Ángel Palerm y Patricia de Leonardo en Casa Chata, 1973. Cátedra Ángel Palerm, sección Galería 1

El ojo de la tormenta en el vaso antropológico está, desde luego, donde debería estar: en Estados Unidos. No podría ser de otra manera, ya que ahí está el más poderoso de los estados imperiales. Los profesionales que se convirtieron en burócratas de la supervisión y control de los grupos dominados han estado por largo tiempo bajo el fuego de sus colegas y estudiantes. Mucho más lo están aquellos que, ingenua o perversamente, se dejaron envolver en proyectos como el Camelot, que acaba de dar sus frutos venenosos en Chile.

En México no estamos ausentes de estas crisis, ni somos inmunes a ellas. Por fortuna tampoco somos metrópoli imperial, ni colonia, ni campo abierto de batalla de los poderes mundiales. Somos un país todavía dependiente en su economía, en su ciencia y en su tecnología, y por ello extremadamente vulnerable. Somos un país que ha hecho y seguirá efectuando enormes esfuerzos para asegurar la paz, la justicia y la abundancia en una tierra violenta y pobre que ha sufrido y sufre opresiones y tiranías de propios y extraños.

Pero exactamente por todo esto, los ataques a la antropología, que en otros países se apoyan en realidades peculiares, en México deben buscar también los fundamentos y motivos propios. La crítica debe apuntar contra los verdaderos blancos y buscar los objetivos reales, sin dejarse alienar. Lo que afirmo, en definitiva, es que nuestra antropología debe ser condenada por sus errores y pecados propios, y no por los de otros. Hemos de aplicar con rigor la norma cardinal del método científico, usando para la crítica los instrumentos adecuados a cada realidad concreta.
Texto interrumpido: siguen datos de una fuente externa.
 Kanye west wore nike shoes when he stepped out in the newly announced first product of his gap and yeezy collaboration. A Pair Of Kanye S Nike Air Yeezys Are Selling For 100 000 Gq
Sería, seguramente, el colmo del absurdo repudiar los logros objetivos de la antropología extranjera, como se propone a menudo, y al mismo tiempo incorporar como válida una crítica que se ha desarrollado en otros países con características muy diferentes a las de México. La crítica alienada nunca despierta temores. Es la crítica realista y concreta la que resulta intolerable. Algunos de nosotros lo experimentamos en años de infortunado recuerdo, cuando se procuró callarnos y expulsarnos de los organismos académicos.

Digamos con claridad, por otra parte, que toda actividad científica verdadera es ya, en sí, una actividad crítica de carácter profundamente radical. El temor oscurantista y reaccionario a la antropología, como se presenta, por ejemplo, en los proyectos de desarrollo y en la resistencia opuesta a la labor indigenista, tiene su causa en el contenido objetivamente revolucionario de las ciencias sociales.

Lo que muchos de nosotros, estudiantes y maestros, hemos criticado con rigor en México, no es la actividad científica de los antropólogos, sino exactamente su falta de actividad en el campo de los problemas sociales del país; su alejamiento de las cuestiones candentes que afectan la vida de los mexicanos de hoy y el futuro del país; su escapismo, como colectividad profesional, de las luchas que alimentan la dinámica de cambios tan urgentes como inevitables. Las excepciones personales a esta huida en busca de refugios de indiferencia y de comodidad han sido tan escasas como notables y honrosas. Me alegra verlas bien representadas en este acto.

Yo no puedo ver en la ciencia y en la actividad profesional sino un aspecto de la división del trabajo en las comunidades humanas. No debe haber en el cultivo de la ciencia mayor privilegio que el de la inteligencia educada al servicio de fines sociales. Ésta es, creo yo, una postura radicalmente distinta de la vulgar contradicción entre ciencia pura y aplicada, y de la aún más burda entre ciencia burguesa y proletaria. La ciencia verdadera sirve siempre. Lo que evidentemente no sirve es esa parodia de ciencia social que se enmascara con retórica demagógica o se constituye en entretenimiento del ocio opulento.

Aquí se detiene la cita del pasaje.